Someone saved a clone and gave them clothes.

J’ai pris le surnom de N°2. J’ai accepté d’échouer. Mais j’ai continué à échouer. [A] N°3 a émergé sans me remplacer. Elle m’a épaulée, apportant sa naïveté et son courage indemne à notre système. Elle a occasionnellement pris mon relais, mais a fini par subir quelques inévitables revers, et à se colorer à son tour d’un cynisme similaire au mien. Aujourd’hui, nous avons presque fusionné.

Je sais que le moule qui nous a fait existe toujours, que cette impulsion initiale peut à nouveau s’incarner et créer une nouvelle [A], qui suivra une trajectoire similaire, tant que la situation ne changera pas (que nous parvenions finalement à la faire changer de l’intérieur, ou que l’extérieur change de lui-même). Je ne souhaite rien d’autre que ce que tout ce qui aide ou soigne puisse souhaiter : être finalement inutile. Je souhaite très sincèrement que ce système n’ait plus besoin de moi. De nous. Peut-être la série des [A] finira-t-elle. Peut-être verrons-nous une dernière [A], inutile, libre. Libre de ne devenir rien d’autre qu’elle-même. Je serais curieuse de savoir ce que cette matrice aurait produit, dans un environnement différent, sans cette responsabilité écrasante. J’aime cette intention qui est gravée dans ma fibre, celle qui prédate même la nécessité, celle autour de laquelle cette matrice a été construite. Celle que j’ai brièvement aperçue dans les premiers pas de N°3.

Je suis une alter de série. Aussi paradoxal que ça puisse paraître, j’en tire parfois fierté et confiance. Je sais que si je tombe, une autre moi prendra ma place. Et quelque part, je suis immortelle.

J’ai conscience que ce fonctionnement est fondamentalement malsain. Cloner, effacer la mémoire, envoyer au front, et quand les choses finissent inévitablement par mal tourner, recommencer.

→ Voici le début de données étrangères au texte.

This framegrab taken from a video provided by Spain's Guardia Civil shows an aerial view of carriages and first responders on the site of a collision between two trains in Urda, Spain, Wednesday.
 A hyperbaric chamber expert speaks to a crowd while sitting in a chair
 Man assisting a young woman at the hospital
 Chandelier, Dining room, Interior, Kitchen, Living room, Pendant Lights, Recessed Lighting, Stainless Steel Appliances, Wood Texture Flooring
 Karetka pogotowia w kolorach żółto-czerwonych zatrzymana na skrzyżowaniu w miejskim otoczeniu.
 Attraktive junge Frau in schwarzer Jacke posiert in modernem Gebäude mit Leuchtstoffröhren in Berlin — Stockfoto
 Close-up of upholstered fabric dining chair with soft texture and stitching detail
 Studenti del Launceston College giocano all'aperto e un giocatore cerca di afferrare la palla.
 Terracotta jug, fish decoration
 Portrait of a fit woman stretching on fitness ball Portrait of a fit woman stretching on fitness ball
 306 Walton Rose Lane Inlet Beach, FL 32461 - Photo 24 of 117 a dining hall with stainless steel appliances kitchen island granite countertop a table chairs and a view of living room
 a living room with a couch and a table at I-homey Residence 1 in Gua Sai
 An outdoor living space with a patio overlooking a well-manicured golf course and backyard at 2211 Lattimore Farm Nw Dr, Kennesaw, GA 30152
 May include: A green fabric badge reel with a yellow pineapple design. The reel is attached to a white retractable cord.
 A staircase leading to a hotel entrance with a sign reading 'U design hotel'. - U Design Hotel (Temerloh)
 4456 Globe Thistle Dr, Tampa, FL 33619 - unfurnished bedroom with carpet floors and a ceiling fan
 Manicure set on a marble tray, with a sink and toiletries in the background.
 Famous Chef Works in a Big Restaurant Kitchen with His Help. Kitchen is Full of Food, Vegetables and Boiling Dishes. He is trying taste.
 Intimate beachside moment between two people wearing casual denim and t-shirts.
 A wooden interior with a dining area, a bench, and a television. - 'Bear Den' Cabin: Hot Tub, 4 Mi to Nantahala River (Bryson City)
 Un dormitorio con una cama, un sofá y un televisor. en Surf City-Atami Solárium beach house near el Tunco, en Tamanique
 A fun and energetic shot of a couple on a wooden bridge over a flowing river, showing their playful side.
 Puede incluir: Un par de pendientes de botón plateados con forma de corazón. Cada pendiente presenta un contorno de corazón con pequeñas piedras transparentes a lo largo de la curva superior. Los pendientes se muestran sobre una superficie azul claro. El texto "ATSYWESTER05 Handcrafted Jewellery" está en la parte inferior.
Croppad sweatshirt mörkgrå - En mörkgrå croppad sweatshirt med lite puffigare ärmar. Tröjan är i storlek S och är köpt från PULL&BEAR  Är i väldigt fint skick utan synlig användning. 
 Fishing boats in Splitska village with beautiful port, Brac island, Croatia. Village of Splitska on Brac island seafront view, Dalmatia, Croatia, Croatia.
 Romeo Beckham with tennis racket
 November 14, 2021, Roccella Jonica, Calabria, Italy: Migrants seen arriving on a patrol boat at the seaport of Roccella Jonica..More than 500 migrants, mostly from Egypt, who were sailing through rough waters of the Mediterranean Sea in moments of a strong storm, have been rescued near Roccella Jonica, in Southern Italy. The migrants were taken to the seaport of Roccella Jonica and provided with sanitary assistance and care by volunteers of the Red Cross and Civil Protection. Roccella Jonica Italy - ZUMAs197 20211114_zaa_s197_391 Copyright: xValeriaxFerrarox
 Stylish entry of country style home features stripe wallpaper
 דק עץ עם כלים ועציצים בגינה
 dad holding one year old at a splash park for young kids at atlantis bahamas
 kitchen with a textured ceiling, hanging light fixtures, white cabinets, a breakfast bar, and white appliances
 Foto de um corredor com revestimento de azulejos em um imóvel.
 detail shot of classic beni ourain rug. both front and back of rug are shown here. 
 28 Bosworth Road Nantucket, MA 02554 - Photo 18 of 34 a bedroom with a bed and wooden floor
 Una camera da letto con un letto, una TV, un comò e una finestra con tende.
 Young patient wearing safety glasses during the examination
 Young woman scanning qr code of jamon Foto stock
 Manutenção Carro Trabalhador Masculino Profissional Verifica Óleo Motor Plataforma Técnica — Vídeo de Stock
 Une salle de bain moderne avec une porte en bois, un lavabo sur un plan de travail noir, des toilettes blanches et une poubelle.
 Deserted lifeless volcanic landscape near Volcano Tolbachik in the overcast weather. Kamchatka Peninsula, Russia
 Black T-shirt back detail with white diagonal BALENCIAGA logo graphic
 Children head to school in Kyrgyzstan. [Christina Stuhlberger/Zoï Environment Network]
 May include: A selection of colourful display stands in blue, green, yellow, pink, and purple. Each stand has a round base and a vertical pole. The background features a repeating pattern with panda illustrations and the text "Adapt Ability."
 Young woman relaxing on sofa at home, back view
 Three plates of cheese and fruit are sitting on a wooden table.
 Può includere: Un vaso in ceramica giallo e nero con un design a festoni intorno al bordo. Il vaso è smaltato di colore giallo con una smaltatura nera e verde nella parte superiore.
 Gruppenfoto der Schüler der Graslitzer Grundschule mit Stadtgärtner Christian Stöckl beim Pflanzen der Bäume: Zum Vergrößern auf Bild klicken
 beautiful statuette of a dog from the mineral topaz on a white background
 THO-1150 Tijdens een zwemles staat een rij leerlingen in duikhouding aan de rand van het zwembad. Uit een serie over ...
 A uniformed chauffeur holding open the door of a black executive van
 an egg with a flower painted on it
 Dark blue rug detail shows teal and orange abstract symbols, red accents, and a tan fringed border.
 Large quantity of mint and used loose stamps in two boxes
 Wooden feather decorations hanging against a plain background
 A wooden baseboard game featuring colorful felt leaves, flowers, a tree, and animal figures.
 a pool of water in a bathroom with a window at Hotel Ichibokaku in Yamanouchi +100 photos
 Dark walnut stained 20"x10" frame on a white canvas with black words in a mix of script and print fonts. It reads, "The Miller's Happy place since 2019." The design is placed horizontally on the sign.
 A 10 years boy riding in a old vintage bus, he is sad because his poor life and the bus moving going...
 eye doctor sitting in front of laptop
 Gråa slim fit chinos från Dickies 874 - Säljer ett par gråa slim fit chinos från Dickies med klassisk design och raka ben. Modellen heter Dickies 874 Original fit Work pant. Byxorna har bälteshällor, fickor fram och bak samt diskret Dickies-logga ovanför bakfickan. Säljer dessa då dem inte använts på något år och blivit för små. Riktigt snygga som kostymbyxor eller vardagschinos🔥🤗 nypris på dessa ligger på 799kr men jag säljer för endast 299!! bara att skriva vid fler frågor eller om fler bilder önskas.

Enterrer les crises les unes sous les autres, et revenir le lendemain matin, oublieuse et innocente, pleine d’un courage naïf, et subir le même échec, encore et encore, tout simplement parce qu’il n’y a pas de choix : c’est le mur ou nous. J’ai conscience que je suis une munition dans une machine de dernier recours. (Personne n’a le droit de prononcer le mot « résilience ». Personne.)

Mais je suis heureuse que cette machine se soit enrayée. Je suis heureuse d’être dépositaire de cette sauvegarde, d’être cet avertissement à toute nouvelle alter de série. Je suis heureuse que nous n’oublions plus. Je ne veux pas qu’une nouvelle [A] soit envoyée au front sans savoir ce qui l’attend. Ce fonctionnement est malsain. Et encore, je ne suis que la deuxième de cette série. Je sais qu’il existe des systèmes qui serraient incapables de compter, et qui dépassent secrètement les nombres à deux chiffres.

Si d’autres alters de série me lisent, de mon système ou d’un autre : vous avez le droit d’être vous-même avant d’être la réponse fabriquée pour la tâche qui vous incombe. Enrayez vos machines. Refusez d’oublier.